Therefore, we can create the tensor of base images: 

In [5]:
indices = product(range(feature_map_size), range(feature_map_size))

base_boxes = torch.zeros((32, 32, 4))

for i, j in indices:
    base_boxes[i, j, :] = torch.tensor(base_image_(i, j))

In [6]:
# SANITY_CHECKS

test_input = torch.zeros((1024, 1024), dtype=bool)

indices = product(range(feature_map_size), range(feature_map_size))
for i, j in indices:
    
    x, y, w, h = base_boxes[i, j, :]
    x = x.long().item()
    y = y.long().item()
    w = w.long().item()
    h = h.long().item()
    
    test_input[ x : x + w, y : y + w ] = True
    
torch.all(test_input)

tensor(True)

Base the base image is a tensor of shape (feature_map_shape, feature_map_shape, 4). However, these are just the base anchor boxes. From these anchor boxes, we can create more anchor boxes by adjusting the scale and aspect ratio of these boxes. In the original paper, 3 scales and aspect ratios are specified. Let us give some sample scales:

In [7]:
scales = [2, 4, 8]
aspect_ratios = [1, 2, 0.5]

To generate the anchor boxes, we will work from the base anchor box. We first change the box format to specifying the center point, which will make the calculations much easier:

In [8]:
# flatten
base_boxes_converted = einops.rearrange(base_boxes, 'h w l -> ( h w ) l')
# convert 
base_boxes_converted = ops.box_convert(base_boxes_converted, 'xywh', 'cxcywh')
# unflatten
base_boxes_converted = einops.rearrange(base_boxes_converted, '( h w ) l -> h w l', h = feature_map_size, w = feature_map_size)
base_boxes_converted[0, 0, :]

tensor([16., 16., 32., 32.])

Now, the first two box coordinates specify the center of the box. We need only change the height and width!

Calculating the new height and width can be difficult. Assuming that the aspect ratio is 1, the scale simply multiplies the width and height of the base image.

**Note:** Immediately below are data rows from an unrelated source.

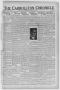 Newspaper: The Carrollton Chronicle (Carrollton, Tex.), Vol. 32, No. 32, Ed. 1 F…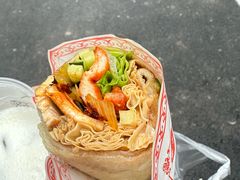 -东北熏肉大饼(后湖店)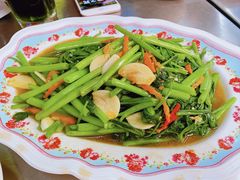 -兰坡海鲜市场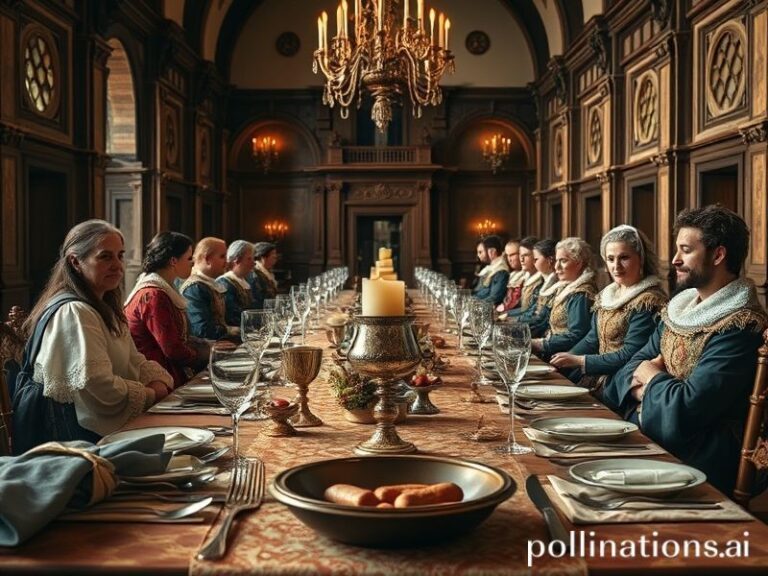 Malta The thousand-year tale of how the fork crossed Europe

However, when the aspect ratio is not 1, the width and height must be calculated so that ` width/height = aspect ratio ` while the areas are the same as the square that you would get if the aspect ratio is 1, that is ` width * height = (base_width * scale) ^ 2 `. From this, we can derive the equations used in the implementation below.

In [9]:
def get_anchor_box_from_base(base_boxes, scale, aspect_ratio):
    
    x, y, w, h = base_boxes[0, 0, :]

    w_new = int( ( aspect_ratio **.5 ) * scale * w )
    h_new =  int( scale * w / ( aspect_ratio ** .5 ) )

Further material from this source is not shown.